* **WHAT IS BEING ASKED**: What you give back must match the records below exactly.
-----
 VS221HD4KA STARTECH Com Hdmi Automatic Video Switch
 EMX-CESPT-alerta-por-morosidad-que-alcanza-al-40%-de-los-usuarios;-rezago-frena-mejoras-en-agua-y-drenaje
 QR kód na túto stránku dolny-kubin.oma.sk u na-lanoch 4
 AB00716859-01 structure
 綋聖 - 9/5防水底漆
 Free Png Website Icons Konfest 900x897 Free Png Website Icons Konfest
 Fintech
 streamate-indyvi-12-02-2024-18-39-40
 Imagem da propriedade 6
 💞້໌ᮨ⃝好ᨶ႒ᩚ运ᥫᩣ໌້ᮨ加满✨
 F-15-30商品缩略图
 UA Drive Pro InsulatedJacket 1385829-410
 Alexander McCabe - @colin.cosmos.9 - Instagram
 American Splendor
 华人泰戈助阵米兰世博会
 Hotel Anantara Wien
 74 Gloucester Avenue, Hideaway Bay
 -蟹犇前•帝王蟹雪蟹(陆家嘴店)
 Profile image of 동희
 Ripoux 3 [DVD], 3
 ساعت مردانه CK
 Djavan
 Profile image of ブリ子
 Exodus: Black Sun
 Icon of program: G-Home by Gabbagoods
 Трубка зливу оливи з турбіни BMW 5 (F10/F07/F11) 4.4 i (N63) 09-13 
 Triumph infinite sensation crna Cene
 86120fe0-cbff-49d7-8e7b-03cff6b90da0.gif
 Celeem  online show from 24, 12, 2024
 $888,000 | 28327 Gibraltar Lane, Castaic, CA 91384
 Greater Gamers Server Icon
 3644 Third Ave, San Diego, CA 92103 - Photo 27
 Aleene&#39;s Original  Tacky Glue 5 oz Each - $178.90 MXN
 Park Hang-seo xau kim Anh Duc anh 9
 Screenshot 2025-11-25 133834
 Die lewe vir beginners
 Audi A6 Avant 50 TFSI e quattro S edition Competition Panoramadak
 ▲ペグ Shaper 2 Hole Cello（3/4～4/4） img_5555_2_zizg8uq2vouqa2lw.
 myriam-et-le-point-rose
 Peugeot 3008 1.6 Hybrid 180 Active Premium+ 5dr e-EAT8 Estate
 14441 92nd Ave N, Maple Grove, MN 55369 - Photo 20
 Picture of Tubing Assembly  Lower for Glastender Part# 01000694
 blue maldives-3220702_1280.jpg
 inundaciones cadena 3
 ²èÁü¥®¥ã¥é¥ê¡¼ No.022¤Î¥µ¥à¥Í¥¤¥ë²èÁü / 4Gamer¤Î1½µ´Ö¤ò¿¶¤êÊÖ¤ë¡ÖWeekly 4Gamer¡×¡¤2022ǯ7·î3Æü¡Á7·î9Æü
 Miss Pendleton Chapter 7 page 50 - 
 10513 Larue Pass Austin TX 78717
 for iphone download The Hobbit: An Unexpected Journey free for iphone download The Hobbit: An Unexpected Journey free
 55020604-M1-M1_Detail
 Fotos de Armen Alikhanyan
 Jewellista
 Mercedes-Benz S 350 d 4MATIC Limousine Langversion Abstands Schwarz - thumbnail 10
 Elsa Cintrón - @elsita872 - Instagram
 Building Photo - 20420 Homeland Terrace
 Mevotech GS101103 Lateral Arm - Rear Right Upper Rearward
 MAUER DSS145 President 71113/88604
-----
* **ANSWER TO THIS TASK**:
 VS221HD4KA STARTECH Com Hdmi Automatic Video Switch
 EMX-CESPT-alerta-por-morosidad-que-alcanza-al-40%-de-los-usuarios;-rezago-frena-mejoras-en-agua-y-drenaje
 QR kód na túto stránku dolny-kubin.oma.sk u na-lanoch 4
 AB00716859-01 structure
 綋聖 - 9/5防水底漆
 Free Png Website Icons Konfest 900x897 Free Png Website Icons Konfest
 Fintech
 streamate-indyvi-12-02-2024-18-39-40
 Imagem da propriedade 6
 💞້໌ᮨ⃝好ᨶ႒ᩚ运ᥫᩣ໌້ᮨ加满✨
 F-15-30商品缩略图
 UA Drive Pro InsulatedJacket 1385829-410
 Alexander McCabe - @colin.cosmos.9 - Instagram
 American Splendor
 华人泰戈助阵米兰世博会
 Hotel Anantara Wien
 74 Gloucester Avenue, Hideaway Bay
 -蟹犇前•帝王蟹雪蟹(陆家嘴店)
 Profile image of 동희
 Ripoux 3 [DVD], 3
 ساعت مردانه CK
 Djavan
 Profile image of ブリ子
 Exodus: Black Sun
 Icon of program: G-Home by Gabbagoods
 Трубка зливу оливи з турбіни BMW 5 (F10/F07/F11) 4.4 i (N63) 09-13 
 Triumph infinite sensation crna Cene
 86120fe0-cbff-49d7-8e7b-03cff6b90da0.gif
 Celeem  online show from 24, 12, 2024
 $888,000 | 28327 Gibraltar Lane, Castaic, CA 91384
 Greater Gamers Server Icon
 3644 Third Ave, San Diego, CA 92103 - Photo 27
 Aleene&#39;s Original  Tacky Glue 5 oz Each - $178.90 MXN
 Park Hang-seo xau kim Anh Duc anh 9
 Screenshot 2025-11-25 133834
 Die lewe vir beginners
 Audi A6 Avant 50 TFSI e quattro S edition Competition Panoramadak
 ▲ペグ Shaper 2 Hole Cello（3/4～4/4） img_5555_2_zizg8uq2vouqa2lw.
 myriam-et-le-point-rose
 Peugeot 3008 1.6 Hybrid 180 Active Premium+ 5dr e-EAT8 Estate
 14441 92nd Ave N, Maple Grove, MN 55369 - Photo 20
 Picture of Tubing Assembly  Lower for Glastender Part# 01000694
 blue maldives-3220702_1280.jpg
 inundaciones cadena 3
 ²èÁü¥®¥ã¥é¥ê¡¼ No.022¤Î¥µ¥à¥Í¥¤¥ë²èÁü / 4Gamer¤Î1½µ´Ö¤ò¿¶¤êÊÖ¤ë¡ÖWeekly 4Gamer¡×¡¤2022ǯ7·î3Æü¡Á7·î9Æü
 Miss Pendleton Chapter 7 page 50 - 
 10513 Larue Pass Austin TX 78717
 for iphone download The Hobbit: An Unexpected Journey free for iphone download The Hobbit: An Unexpected Journey free
 55020604-M1-M1_Detail
 Fotos de Armen Alikhanyan
 Jewellista
 Mercedes-Benz S 350 d 4MATIC Limousine Langversion Abstands Schwarz - thumbnail 10
 Elsa Cintrón - @elsita872 - Instagram
 Building Photo - 20420 Homeland Terrace
 Mevotech GS101103 Lateral Arm - Rear Right Upper Rearward
 MAUER DSS145 President 71113/88604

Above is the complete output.